• _About this exercise_: Any picture among the records should be left out, please; retype the rest exactly.

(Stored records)
-=-=-

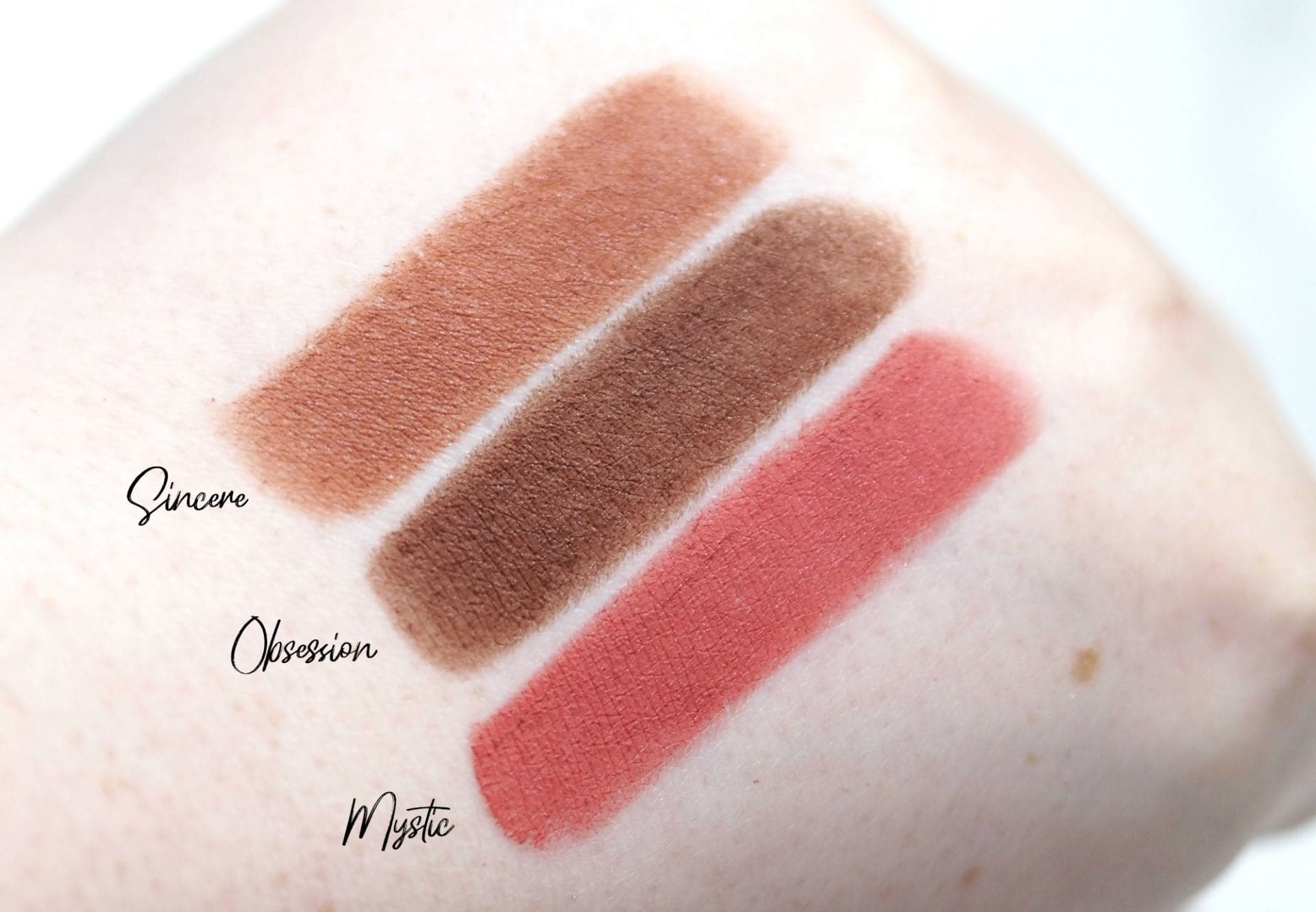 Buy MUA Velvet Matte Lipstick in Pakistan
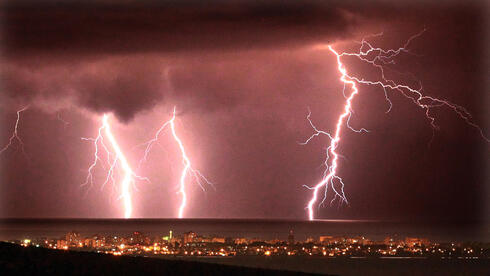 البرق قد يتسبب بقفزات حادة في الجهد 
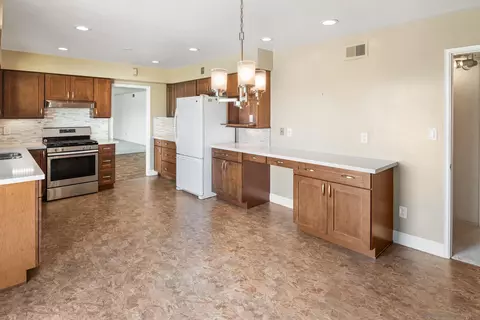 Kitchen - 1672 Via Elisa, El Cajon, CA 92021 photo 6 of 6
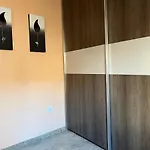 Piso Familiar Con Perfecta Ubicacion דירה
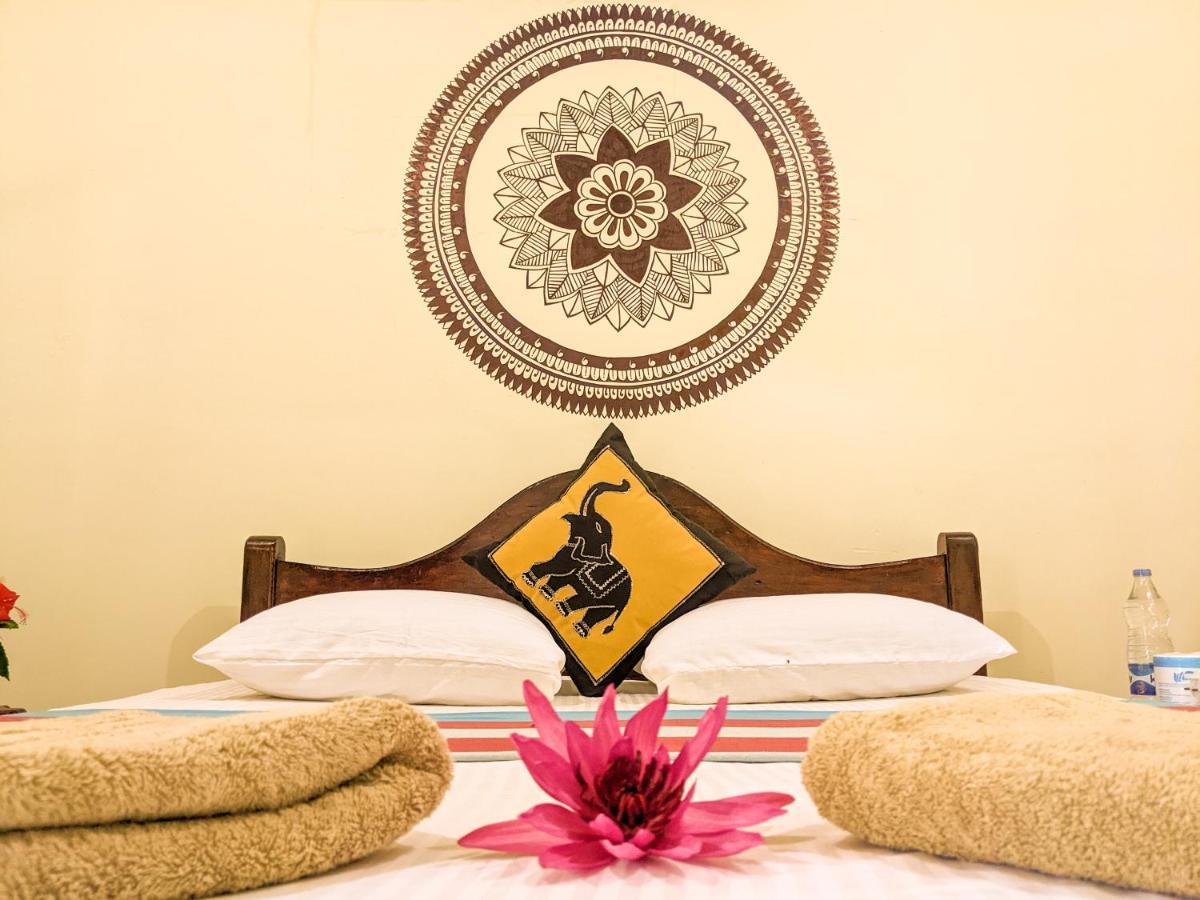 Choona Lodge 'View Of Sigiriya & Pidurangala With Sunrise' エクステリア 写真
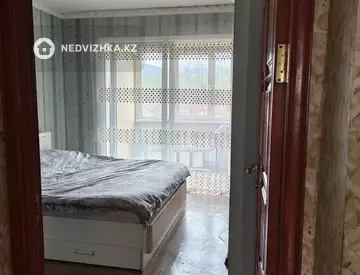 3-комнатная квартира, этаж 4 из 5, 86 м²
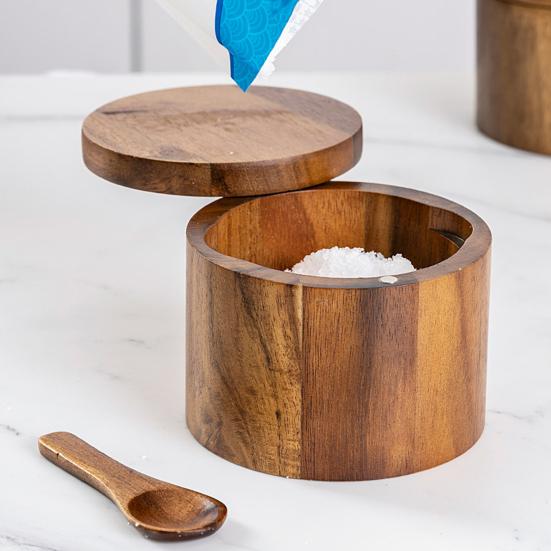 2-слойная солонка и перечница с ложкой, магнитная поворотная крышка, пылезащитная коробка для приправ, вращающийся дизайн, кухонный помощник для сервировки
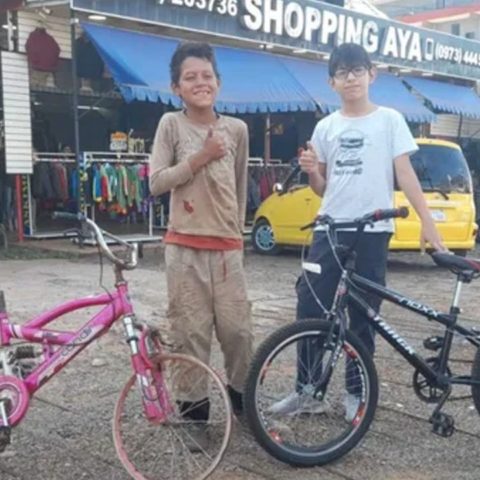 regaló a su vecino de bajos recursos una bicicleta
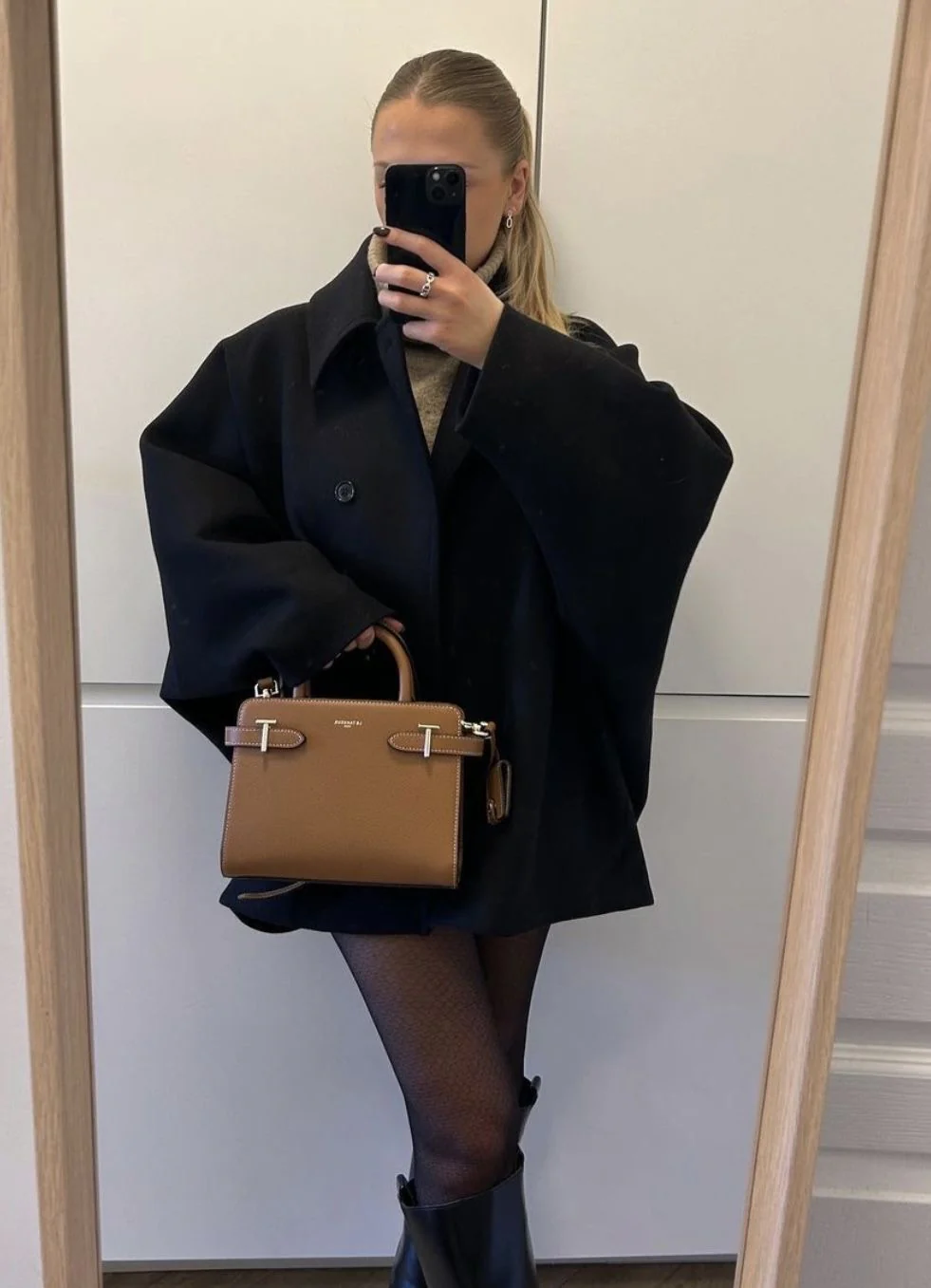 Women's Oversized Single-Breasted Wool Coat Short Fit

-=-=-

• _Solution to the problem_:
 Buy MUA Velvet Matte Lipstick in Pakistan
 البرق قد يتسبب بقفزات حادة في الجهد 
 Kitchen - 1672 Via Elisa, El Cajon, CA 92021 photo 6 of 6
 Piso Familiar Con Perfecta Ubicacion דירה
 Choona Lodge 'View Of Sigiriya & Pidurangala With Sunrise' エクステリア 写真
 3-комнатная квартира, этаж 4 из 5, 86 м²
 2-слойная солонка и перечница с ложкой, магнитная поворотная крышка, пылезащитная коробка для приправ, вращающийся дизайн, кухонный помощник для сервировки
 regaló a su vecino de bajos recursos una bicicleta
 Women's Oversized Single-Breasted Wool Coat Short Fit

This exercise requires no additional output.